Asset manager Muzinich & Co has launched the Muzinich Emerging Market Debt Fund for investors aiming to venture into capital growth opportunities in EM credit.

The Ireland-domiciled OEIC fund, which is expecting to achieve returns around 5-6 per cent, complements the existing Muzinich Emerging Market Short Duration Fund by giving investors to the higher return potential available from regular duration emerging market credit, the firm said in a statement.

The new fund is benchmarked against the BofA Merrill Lynch Emerging Markets Corporate Liquid Index (EMCL). Warren Hyland, who is manager of both funds, and his team are aiming to outperform the index by around 150 basis points over a market cycle.
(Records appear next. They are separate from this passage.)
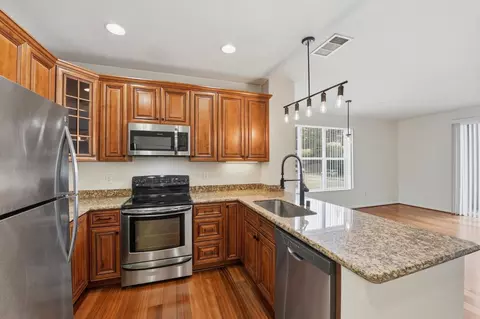 1445 Fruitdale Ave 101, San Jose, CA 95128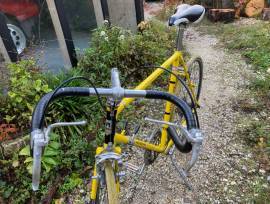 MOTOBECANE Prestige Road bike calliper brake used For Sale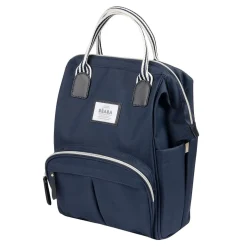 Béaba                    Sac Wellington    Bleu Marine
“The economic cycle is shifting. We’re moving from an environment where deflation and economic slowdown were the primary concerns to one of reflation and rising interest rates, where growth drivers are coming to the fore,” Hyland said. “That means we are seeing more opportunity for capital gains from regular duration emerging market debt, as opposed to short duration, which is more focused on capital preservation and about clipping emerging markets’ superior coupons.”

The fund will invest in hard currency denominated debt – currencies commonly used in international trade and capital markets, such as the US dollar, yen, euro and sterling. This avoids investors being exposed to risks associated with investing in local currencies.

“Currency markets can be very volatile and this is especially the case for emerging markets. Our expertise is in bottom-up, fundamental credit research, which Muzinich has been doing very successfully for more than 30 years,” Hyland added. “Our core approach to credit investing – whatever the underlying market – remains an explicit focus on capital preservation, achieved by undertaking rigorous bottom-up credit research into each and every company we consider for our portfolios, and only loaning money to companies that we believe will be able to meet their debt repayments over the term of the bond."